We don't have cable (or local channels for that matter- the tv isn't hooked up for that) but you can catch Shaun the Sheep on netflix instant watch right now.  It's super cute.  It's from Aardman, the same folks who do Wallace and Gromit, one of my favs!


----------



## aggieterpkatie

I've seen Shaun the sheep but haven't really watched it.  I think if we really wanted to get technical, we could say the flock is Suffolk clean faces) and Shaun is a mix of Suffolk and Hamp or Shropshire. Hamps and Shrops have closed faces and wooly legs, but Shaun must be a mix because he only has wool on his head and not legs.


----------



## cat1994

aggieterpkatie said:
			
		

> I've seen Shaun the sheep but haven't really watched it.  I think if we really wanted to get technical, we could say the flock is Suffolk clean faces) and Shaun is a mix of Suffolk and Hamp or Shropshire.
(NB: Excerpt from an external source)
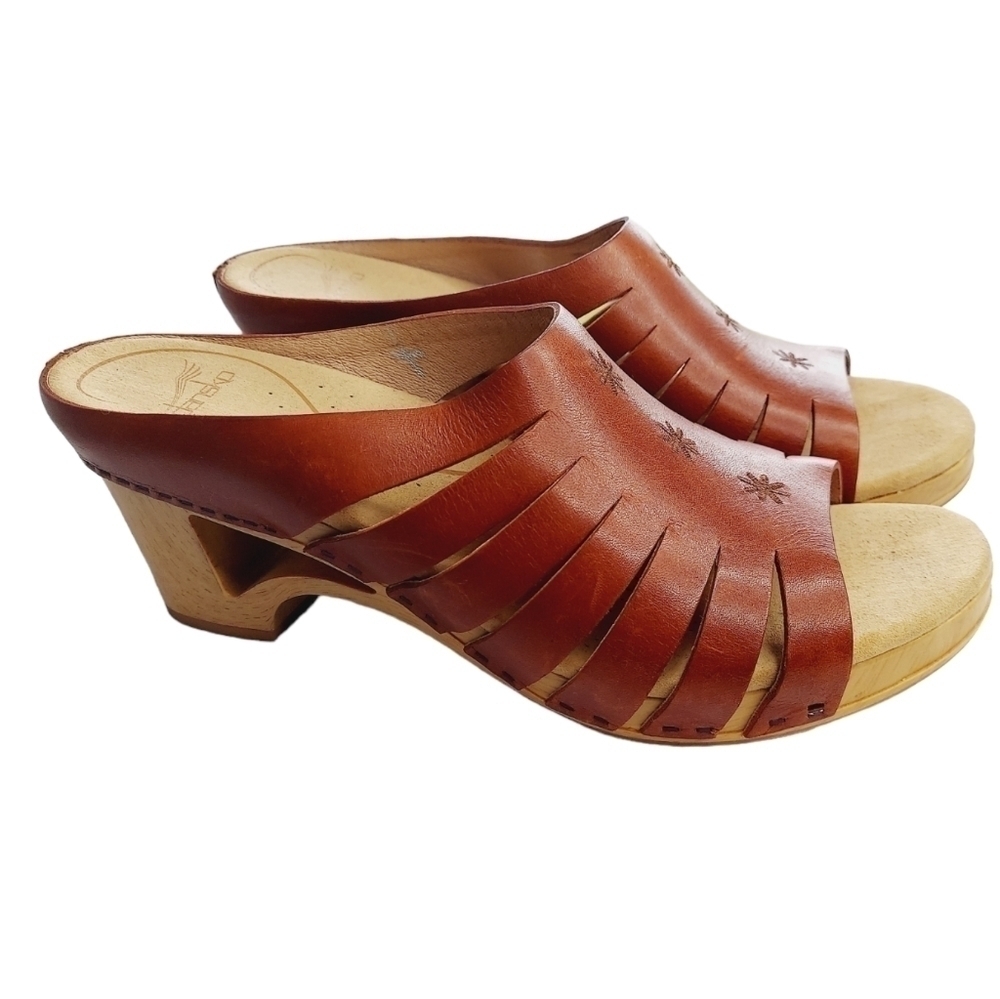 Dansko Tilly Clog Wooden Sandal Size 41 US 10.5 Brown Leather Comfort Platform - Picture 4 of 16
Hamps and Shrops have closed faces and wooly legs, but Shaun must be a mix because he only has wool on his head and not legs.


Ya Shaun does have some wool on his head, but in one of his movies called Shaun the Sheep Off the Baa lol he can take the wool on his head off  





 This is just one of the many movies I have about Shaun the sheep


----------



## cat1994

n.smithurmond said:
			
		

> We don't have cable (or local channels for that matter- the tv isn't hooked up for that) but you can catch Shaun the Sheep on netflix instant watch right now.  It's super cute.  It's from Aardman, the same folks who do Wallace and Gromit, one of my favs!


I also love Wallace and Gromit   I have almost all their movies even the really old ones


----------



## patandchickens

I love Shaun the Sheep. Even from before I got sheep.  I get the theme song stuck in my head on a fairly regular basis. In fact this thread has done it again, gee thanks 

Pat


----------



## chandasue

Too funny! My son is watching a Shaun the Sheep dvd right now!   Good show!


----------



## SDGsoap&dairy

patandchickens said:
			
		

> I get the theme song stuck in my head on a fairly regular basis. In fact this thread has done it again, gee thanks
> 
> Pat


I know, right?!


----------